▶ **Assignment**:
In the entries that follow, find the line containing "I think the" and the line containing "Hey guys, I", then copy exactly everything from the first through the second except the pictures.

▶ **Material shown**:
..........

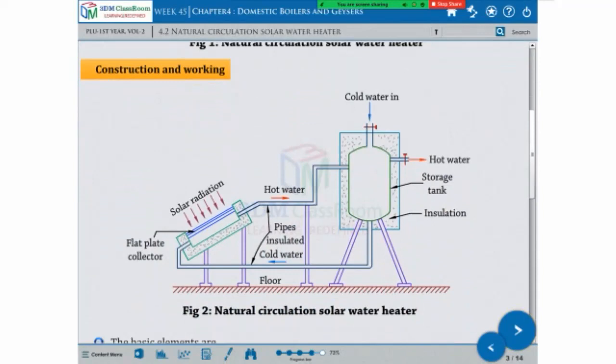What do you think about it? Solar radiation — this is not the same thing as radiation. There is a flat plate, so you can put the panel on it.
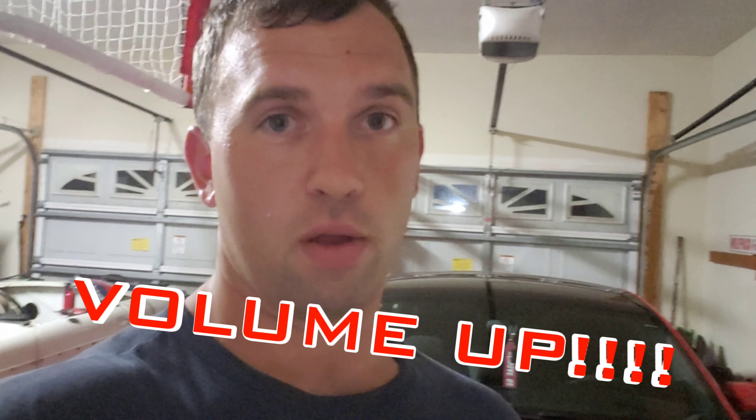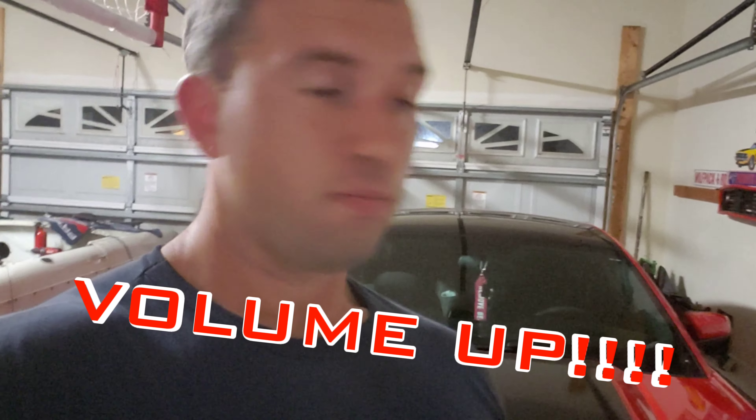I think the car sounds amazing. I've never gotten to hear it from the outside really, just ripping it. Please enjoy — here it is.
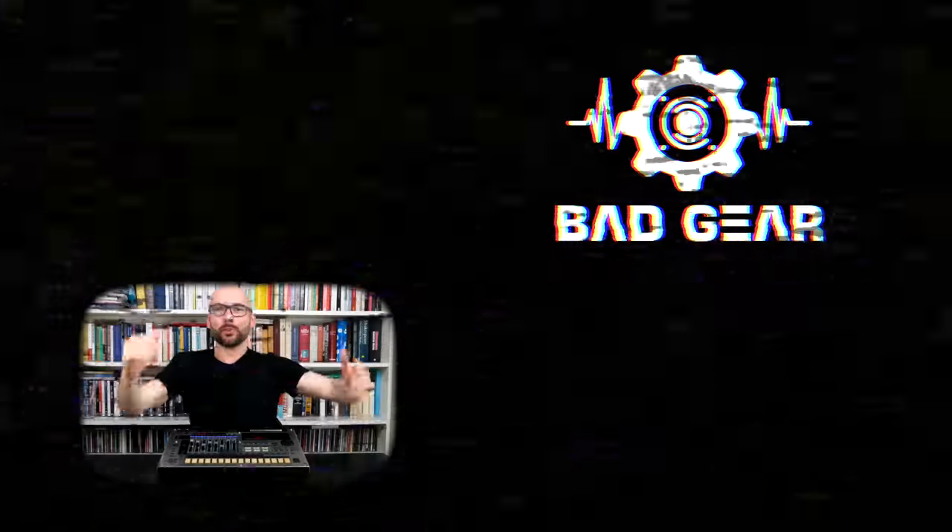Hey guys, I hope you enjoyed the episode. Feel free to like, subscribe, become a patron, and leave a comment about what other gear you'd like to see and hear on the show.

..........

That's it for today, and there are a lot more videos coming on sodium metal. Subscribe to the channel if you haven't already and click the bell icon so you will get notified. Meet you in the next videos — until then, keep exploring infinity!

..........

▶ **Written reply**:
I think the car sounds amazing. I've never gotten to hear it from the outside really, just ripping it. Please enjoy — here it is.
Hey guys, I hope you enjoyed the episode. Feel free to like, subscribe, become a patron, and leave a comment about what other gear you'd like to see and hear on the show.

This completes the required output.